Dyer on Film Studies

I've talked up the Oxford Guide to Film Studies before. Now that I'm revisiting it for my Critical Methods class, I thought it worth calling attention to the opening essay: Richard Dyer's "Introduction to Film Studies." Even if you don't have the time or need for a reference book like the Oxford Guide, this short essay is worth taking a look at. Even the second time around, I find it a useful and brilliantly written statement of what film scholars do and a reflection on what we don't do. It's simply one of those reflections on the field that can help and inspire a scholar.

But there's a specific reason I think this essay written a decade ago is relevant today: the discipline faces foundational issues as television studies gets better footing in the academy and as new media – their media landscapes and the forms themselves – challenge the definition that film studies has of itself. Dyer writes that "the very success of film studies in establishing itself as a discipline may mean that the reasons for establishing itself as a discipline may mean that the reasons for establishing it no longer need asserting of even addressing. This may be short-sighted." (6). Indeed.

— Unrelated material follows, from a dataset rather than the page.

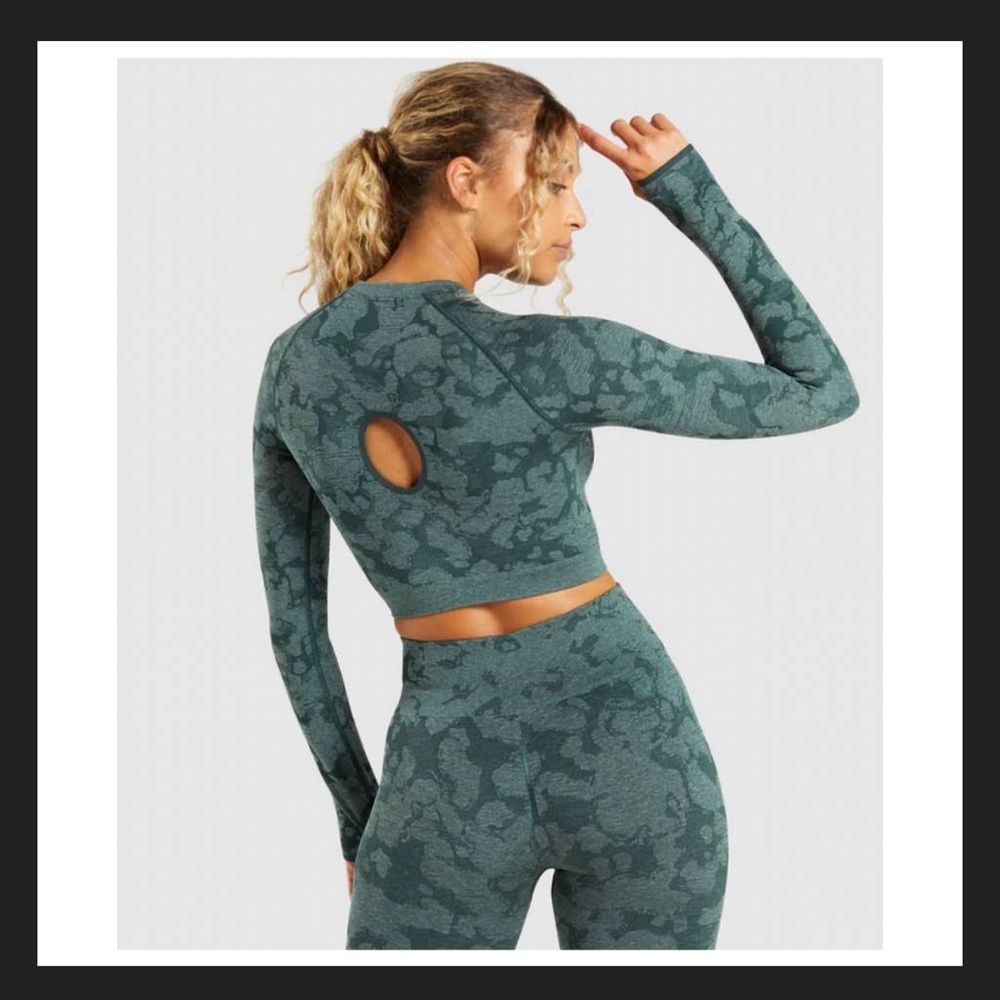 Gymshark Set Adapt Camo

Meanwhile, there's something about Dyer's intellectual spirit that I admire. It's not the case that film scholars have covered it all, that at best it's the objects of study rather than the approaches that are left to discover. Nor are the debates from yesterday meaningless. The old guard may be worth arguing with or even deposing, but the key inquiries into the nature of representation, ideological formations, interpretation, and historical explanation are worth keeping at the forefront. Hopefully, we can continue to shine new light onto these matters with the humility that that previous theorists and historians had a lot to say and that we have yet a lot to understand.